Dans une atmosphère chargée d’émotion, la rencontre a scellé quatre jours d’intenses activités dédiées à la formation et à la transformation personnelle. Au cœur du Salon International de l’Industrie du Livre, le Musée National a servi d’écrin à cette double célébration où la pensée rejoint l’action. L’ouvrage présenté, inscrit dans la collection Société aux Éditions de Midi, s’impose comme un prolongement intellectuel du projet, traduisant en mots les réalités observées sur le terrain.
À travers cet essai, l’auteure interroge les mécanismes invisibles qui fragilisent l’équilibre intérieur de nombreuses femmes. Elle y décrit une pression diffuse, faite d’injonctions sociales persistantes et de jugements intériorisés, qui altèrent progressivement la perception de soi. En mobilisant une métaphore empruntée à l’univers numérique, elle invite à rompre avec ces influences nocives, comparées à des flux dont il devient vital de se libérer pour préserver son intégrité mentale.
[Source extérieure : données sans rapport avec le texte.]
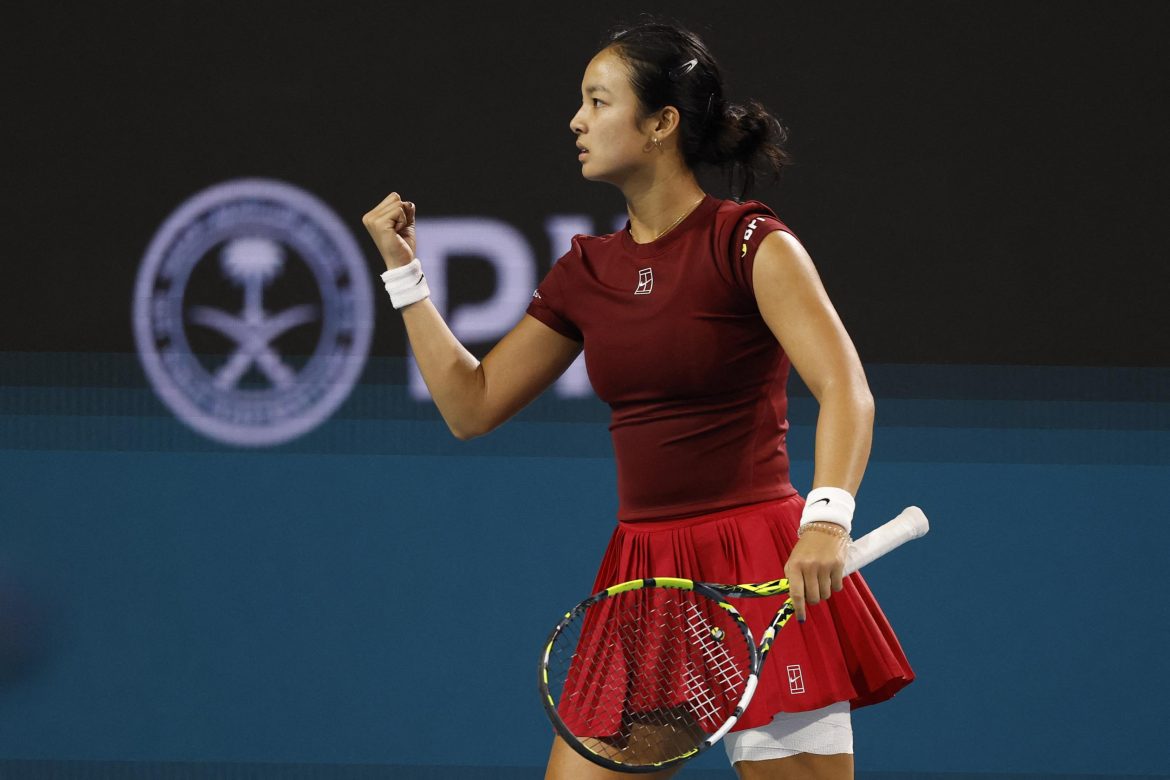 2025-03-28T042345Z_998273760_MT1USATODAY25786227_RTRMADP_3_TENNIS-MIAMI-OPEN_2025_03_28_12_33_07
La cérémonie s’est inscrite dans la continuité des échanges tenus durant les ateliers et conférences, notamment autour de la santé psychique et du leadership. Les participantes, formées aux métiers pratiques et aux compétences transversales, ont vu dans cette publication un miroir de leur propre cheminement. Entre témoignages et prises de parole, une dynamique collective s’est dessinée, portée par le désir de reconstruire des trajectoires affranchies des conditionnements limitants.
Figure engagée du paysage social camerounais, Juliette Doriane Ngah Bidjo confirme, avec ce second livre après Miroir, une orientation tournée vers la libération des voix et la restauration de l’estime personnelle. À travers SHEUP, qu’elle pilote via l’association FEVADJOSS, elle poursuit une démarche qui conjugue transmission, accompagnement et éveil des consciences. Cette convergence entre initiative de terrain et production éditoriale esquisse ainsi les contours d’un engagement durable, ancré dans la volonté de réinventer les équilibres sociaux.